As they carried on listening to the music, she noticed he had no Pinewood Studios parking permit stuck to his windscreen. Hugh had a friend who worked at Pinewood. He’d given her a lift home once. She’d spotted the parking permit and remarked on how glam it looked. It was odd Joe didn’t have one, she thought. On the other hand, maybe it had come off. The road-tax permit on her old Peugeot used to fall off all the time—particularly in winter when there was loads of condensation on the windscreen.

The traffic was clear until just before the Nottingham turn-off, when it came to a complete standstill. For an hour and a half they barely moved. According to the traffic news on the radio there had been “an incident” and “considerable delays could be expected.” They had no choice other than to sit it out.

When the traffic eventually cleared it was lunchtime and they were starving. They stopped at the next service station and gorged themselves on a surprisingly edible all-day English breakfast. Later on in the loo, she divested herself of the map holder and gaiters.

They arrived in Ribbledale just after two. It was snow-cold, but the sky was bright blue with the occasional splodge of white meringue cloud. Since the weather was so bitter, the place wasn’t at all crowded. They headed out of the car park. Joe had his rucksack slung over his shoulder, but there was no evidence of a hiking pole. She decided to keep hers hidden.

They made for the narrow river that lay a few yards ahead. Tiny ripples on its surface twinkled in the strong light. Gnarled, bent-over trees covered in a delicate haze of new green clung to the muddy bank, their branches skimming the water. In the distance, majestic emerald domes presided over the skyline.

“Isn’t this just grand?” Joe said, turning his face to the sky and taking in a lungful of air. Cyn agreed it was. It was even grander when Joe took her hand as they negotiated the stepping-stones across the river.

Soon they came to a wooded area covered in a thick carpet of tiny white flowers.

“They’re wood anemones,” he said. “Did you know that the wood anemone propagates mainly by means of creeping underground stems?”

“Wow, I’m impressed,” she said, secretly wondering if he really was going to turn out to be a hill-walking nature nerd after all. “How do you know all that?”
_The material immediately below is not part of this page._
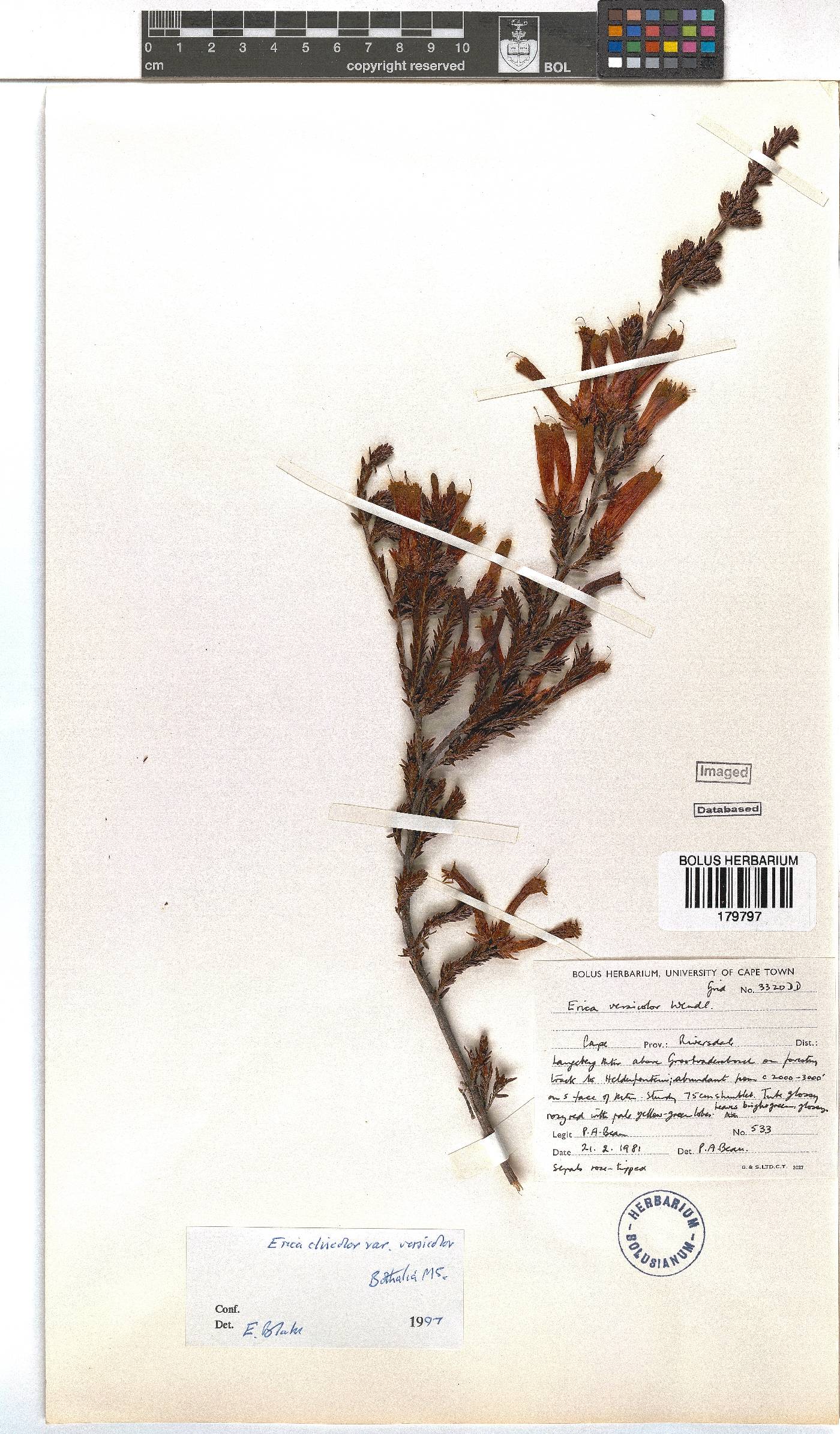 Erica versicolor image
“Oh, I’m a bit of a nature buff on the quiet.” Her face must have registered a certain unease, which he picked up on, but he said nothing to relieve it. Instead he let her carry on wondering about him, let the silence stand between them. It must have been a full ten seconds before his face finally broke into a grin. “Not really. We just passed a sign asking walkers not to trample the wood anemones. The rest, for some ridiculous reason, I just happen to remember from school biology.”

She was still giggling when he reached out and tilted her face up toward him. The next thing she knew he was planting a kiss on her lips. “You know which bit of you I especially like?” he said. She shook her head. “It’s your eyes. They’re the most exquisite shape. Like two perfect almonds.” He ran his finger over her eyebrows and lids. Soon he was kissing her again, but properly this time. She felt herself melt into his arms, the familiar ache, the quivering in her stomach. She could have happily let him ravish her right there, among the wood anemones.
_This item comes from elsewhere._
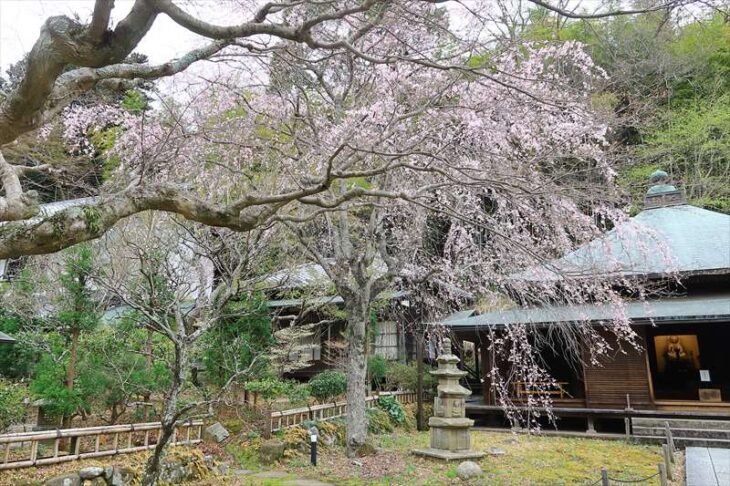 東慶寺の枝垂れ桜
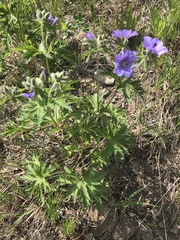 Geranium erianthum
As they set off again he took her hand in his. It was big and warm. She enjoyed its firmness, the way it swamped hers. At one point a twitchy-nosed squirrel went scuttling across their path.

“You know,” she said, “sometimes in the winter when it gets really bitter, I worry about the animals getting cold.”

“Yeah, I know what you mean. You wonder how the cows manage without Chap Stick.”

She burst out laughing and as they carried on along the riverbank they came up with more absurd ways to protect the animals from the elements—tiny thermal vests with special spike covers for hedgehogs; wetsuits for ducks.

Somehow talking about animals got them onto reincarnation and Cyn said she’d often wondered if people came back as animals and vice versa. Joe said he definitely believed in reincarnation. She saw the teasing expression on his face, but decided to play along. She asked him how long he’d believed in it.